To prawda. Już kiedyś zostałam głośno obgadana przez grupę wypudrowanych babć, kiedy jechałam z gorączką i ośmieliłam się zająć miejsce, ignorując wszystkich tych, którzy musieli stać. Ale po to mamy na twarzy usta, żeby odezwać się, gdy ktoś komentuje nasz brak wychowania w takich sytuacjach. Jeśli ktoś jest na tyle bezczelny, że zaczyna huczeć o czyimś braku kultury, nie uwzględniając tego, że młodsza osoba również ma prawo czuć się źle, to nie pozostaje nic innego, jak grzecznie ale stanowczo wytłumaczyć swoje położenie, zamykając tym samym jadaczkę takiej starszej pani. No ale jest też druga strona medalu - nie zawsze da się przegadać/przekrzyczeć. ;)




 
 
Ustępowanie miejsc w komunikacji publicznej
Chochlik
[Usunięty]

Wysłany: 2013-10-16, 15:29   

kokosowa napisał/a:
po to mamy na twarzy usta, żeby odezwać się, gdy ktoś komentuje nasz brak wychowania w takich sytuacjach

A co byś powiedziała w sytuacji którą widziałam?

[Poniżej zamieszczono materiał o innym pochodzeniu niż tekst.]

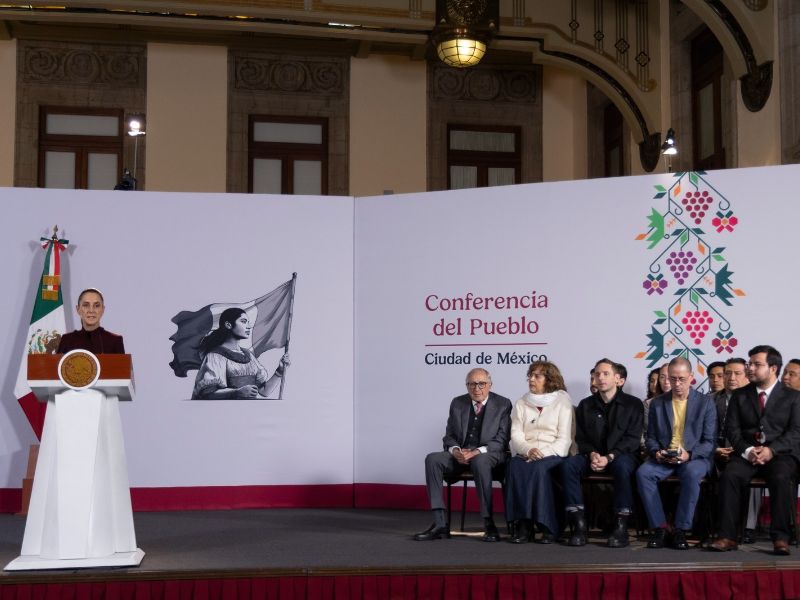 Claudia Sheinbaum anunció un consejo asesor integrado por especialistas y jóvenes para desarrollar un sistema automatizado que mejore el abasto de medicamentos en el IMSS y el IMSS-Bienestar.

Siedzi sobie 3 chłopaków, na oko koniec podstawówki/ początek gimnazjum. Wsiada babcia z laską i od razu zaczyna ich tą laską bić, krzycząc, że nie mają szacunku i mają się wynosić.

kokosowa napisał/a:
Jeśli ktoś jest na tyle bezczelny, że zaczyna huczeć o czyimś braku kultury, nie uwzględniając tego, że młodsza osoba również ma prawo czuć się źle, to nie pozostaje nic innego, jak grzecznie ale stanowczo wytłumaczyć swoje położenie

Jak pisałam wyżej: jeśli ktoś się tak zachowuje, to zakładam, że ma siłę stać - ktoś słaby nie będzie się wydzierał. No i jak się czegoś od kogoś chce, to nie należy zaczynać od obelg.




 
 
Ustępowanie miejsc w komunikacji publicznej
kokosowa
[Usunięty]

Wysłany: 2013-10-16, 15:53   

Chochlik napisał/a:
Siedzi sobie 3 chłopaków, na oko koniec podstawówki/ początek gimnazjum. Wsiada babcia z laską i od razu zaczyna ich tą laską bić, krzycząc, że nie mają szacunku i mają się wynosić.

Z przemocą jeszcze się nie spotkałam. :D Co można zrobić w sytuacji, kiedy ktoś jest w stosunku do Ciebie agresywny? Chyba należy odejść, bo nie ma sensu wdawać się w szarpaninę. Nie oddałabym takiej babci (choć pewnie by jej się przydało). Można próbować dyskutować i tłumaczyć tylko wtedy, kiedy ktoś atakuje Cię słownie.




 
 
Ustępowanie miejsc w komunikacji publicznej
Scarlet Halo
[Usunięty]

Wysłany: 2013-10-16, 15:56   

Chochlik napisał/a:
Siedzi sobie 3 chłopaków, na oko koniec podstawówki/ początek gimnazjum. Wsiada babcia z laską i od razu zaczyna ich tą laską bić, krzycząc, że nie mają szacunku i mają się wynosić.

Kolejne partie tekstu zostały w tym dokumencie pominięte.